Which Anglo-Saxon kingdom in the heptarchy was thes best? Which was your favorite? Why?
Also, what are some good historical reading materials concerning the Anglo-Saxons and the Heptarchy?
I think the power as centuries goes on is Northumbria > Mercia > Wessex. Penda(Mercia?) is a pretty cool guy, kills a bunch of Bede's favourite christian kings and doesn't afraid of everything.
Wessex rises to the top because Alfred's dad manages to kill all the aethelings(individuals considered king-worthy and therefore a threat to the king) which means his kingdom is a lot more stable when the vikings come rolling in.
>good historical reading materials
Anything by James Campbell is a good start. One argument you should be aware of when reading about Anglo-Saxons is that a lot of the big historians(Campbell included) argue that the Anglo-Saxons ruled a pretty complex state for their time, but IMO they put too much emphasis on the good qualities of the anglo-saxon state because it's their field of study. Paul R. Hyams challenges this point of view pretty well in his book 'Rancour and reconciliation'.
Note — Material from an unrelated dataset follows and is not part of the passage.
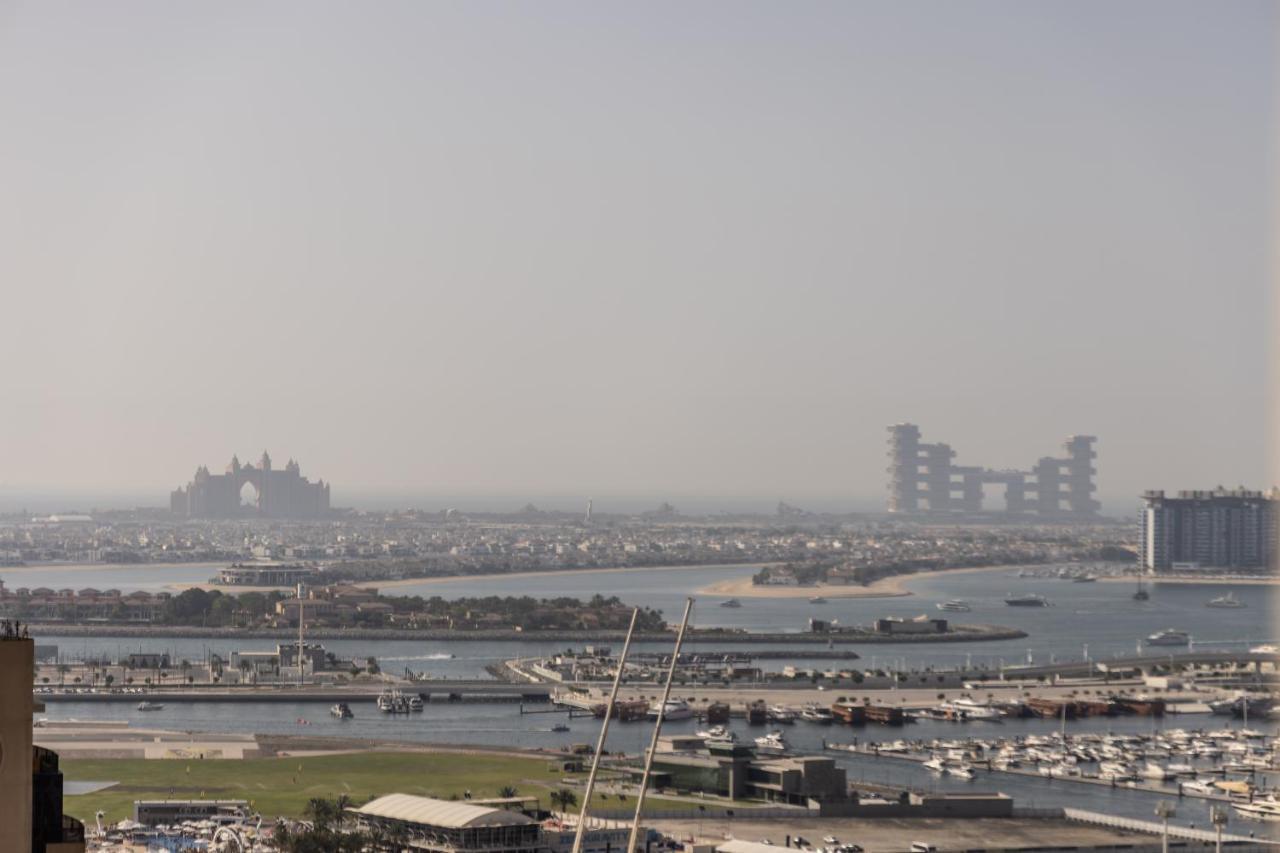 Travel Hub Premium Hostel Dubai Exterior photo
So to get a more accurate historical picture I should read both Campbell and the Hyams book? I'm curious about the positive and negative aspects of the Anglo-Saxon Kingdoms and prefer a more accurate account, though entertainment value is worth something too.
>Hengist (or Hengest) and Horsa (or Hors) are figures of Anglo-Saxon history, which records the two as the Germanic brothers who led the Angle, Saxon, Frisian, and Jutish armies that conquered the first territories of Britain in the 5th century. Tradition lists Hengist (through his son, whose name varies by source) as the founder of the Kingdom of Kent.
>The Old English names Hengest and Horsa mean "stallion" and "horse" respectively.
I don't have a torrent but you don't really need the whole book to understand the point he's making, anything on feud in anglo-saxon england will cover it.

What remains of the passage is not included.